Ugh. I’ve had to clean up management interfaces for clients on premise and at the datacenter more times than I can count. Many act as if I’m asking for firstborn just to get it moved to a seperate network, let alone employing other security methods. This issue sadly is more widespread than people think in LARGE, enterprise sized companies.
There are some small corporations that need these for specific issues and just hook them up. They don’t have the IT staff with the knowledge to do this correctly. As bad as having your iLO, iDRAC, IPMI, etc… exposed to the internet I have seen worse as a consultant. I’ve seen an entire ESXi host directly attached to the internet. It wasn’t even behind a firewall. Again small companies not having the correct support staff. If a large corporation does this there is no excuse since they have the money for the correct staffing.
This problem was found and corrected by HPE in 2018. Old news that was resolved. Customer bulletins were sent out to have customers update iLO.

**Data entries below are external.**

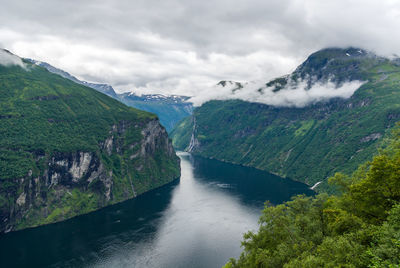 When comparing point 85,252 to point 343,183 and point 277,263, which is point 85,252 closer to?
point 277,263

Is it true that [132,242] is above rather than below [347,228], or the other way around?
below

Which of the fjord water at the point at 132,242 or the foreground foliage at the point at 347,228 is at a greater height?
the foreground foliage at the point at 347,228

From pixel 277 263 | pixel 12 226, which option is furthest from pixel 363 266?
pixel 12 226

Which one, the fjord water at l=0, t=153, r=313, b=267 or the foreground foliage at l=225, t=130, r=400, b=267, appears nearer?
the foreground foliage at l=225, t=130, r=400, b=267

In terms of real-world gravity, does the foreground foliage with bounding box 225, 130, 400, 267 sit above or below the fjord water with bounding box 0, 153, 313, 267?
above

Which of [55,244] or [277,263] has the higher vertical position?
[277,263]

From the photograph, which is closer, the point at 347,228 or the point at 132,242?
the point at 347,228

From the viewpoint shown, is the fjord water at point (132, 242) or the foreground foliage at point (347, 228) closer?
the foreground foliage at point (347, 228)

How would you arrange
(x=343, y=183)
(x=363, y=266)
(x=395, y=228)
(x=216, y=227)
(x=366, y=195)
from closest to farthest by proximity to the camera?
1. (x=363, y=266)
2. (x=395, y=228)
3. (x=366, y=195)
4. (x=343, y=183)
5. (x=216, y=227) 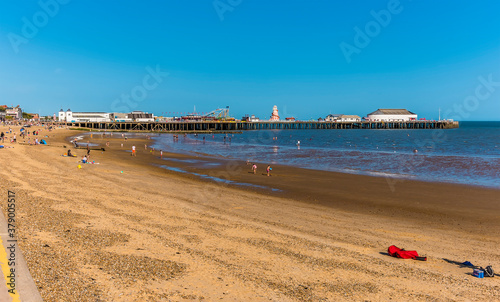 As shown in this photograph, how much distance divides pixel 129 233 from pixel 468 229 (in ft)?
36.6

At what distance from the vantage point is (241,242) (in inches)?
330

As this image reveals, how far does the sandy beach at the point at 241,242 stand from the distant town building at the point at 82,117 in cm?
12733

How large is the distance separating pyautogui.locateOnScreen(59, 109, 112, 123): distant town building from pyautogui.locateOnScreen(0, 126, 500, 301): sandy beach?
127 m

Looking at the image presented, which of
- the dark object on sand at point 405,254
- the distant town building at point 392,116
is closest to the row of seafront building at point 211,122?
the distant town building at point 392,116

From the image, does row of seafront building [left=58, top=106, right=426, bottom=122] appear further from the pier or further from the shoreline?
the shoreline

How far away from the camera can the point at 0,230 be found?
7.46 metres

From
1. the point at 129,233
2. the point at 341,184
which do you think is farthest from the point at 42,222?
the point at 341,184

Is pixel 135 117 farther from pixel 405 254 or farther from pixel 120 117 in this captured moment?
pixel 405 254

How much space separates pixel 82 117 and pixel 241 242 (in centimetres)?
14214

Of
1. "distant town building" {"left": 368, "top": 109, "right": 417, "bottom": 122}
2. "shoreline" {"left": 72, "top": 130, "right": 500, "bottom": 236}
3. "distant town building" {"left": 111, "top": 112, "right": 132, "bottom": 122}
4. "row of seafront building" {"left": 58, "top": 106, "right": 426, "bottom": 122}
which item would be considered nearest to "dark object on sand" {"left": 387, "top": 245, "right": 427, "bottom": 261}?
"shoreline" {"left": 72, "top": 130, "right": 500, "bottom": 236}

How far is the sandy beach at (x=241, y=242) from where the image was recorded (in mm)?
5871

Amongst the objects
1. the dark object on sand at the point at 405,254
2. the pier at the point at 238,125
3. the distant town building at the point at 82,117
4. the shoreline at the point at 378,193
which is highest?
the distant town building at the point at 82,117

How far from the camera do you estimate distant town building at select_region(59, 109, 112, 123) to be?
130 meters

IKnowProLiant if you read the sans.edu article, they’re looking for and found iLOs that had not been updated and the rootkit is new. The paywall firmware means not everyone’s gonna be updating. I think that’s the point they’re making that there are still vulnerable devices out and on the Internet
@Sacrilego – did they at least limit inbound packets to your IP or gateway IP?
@emerth – I wish, it was open for anyone to access. The only protection was a randomly generated username and password. I brought it to their attention but was told that it was secure enough. I canceled within the month as I wasn’t satisfied with their response and the performance.
Most corporations don’t connect their iLo’s, DRAC’s and management interfaces to a network rail that has an internet gateway. Cloud providers usually put their customer management rails behind a firewall with a secure ipKVM portal in place.
I just checked, iLo 3/4/5 updates are available without login.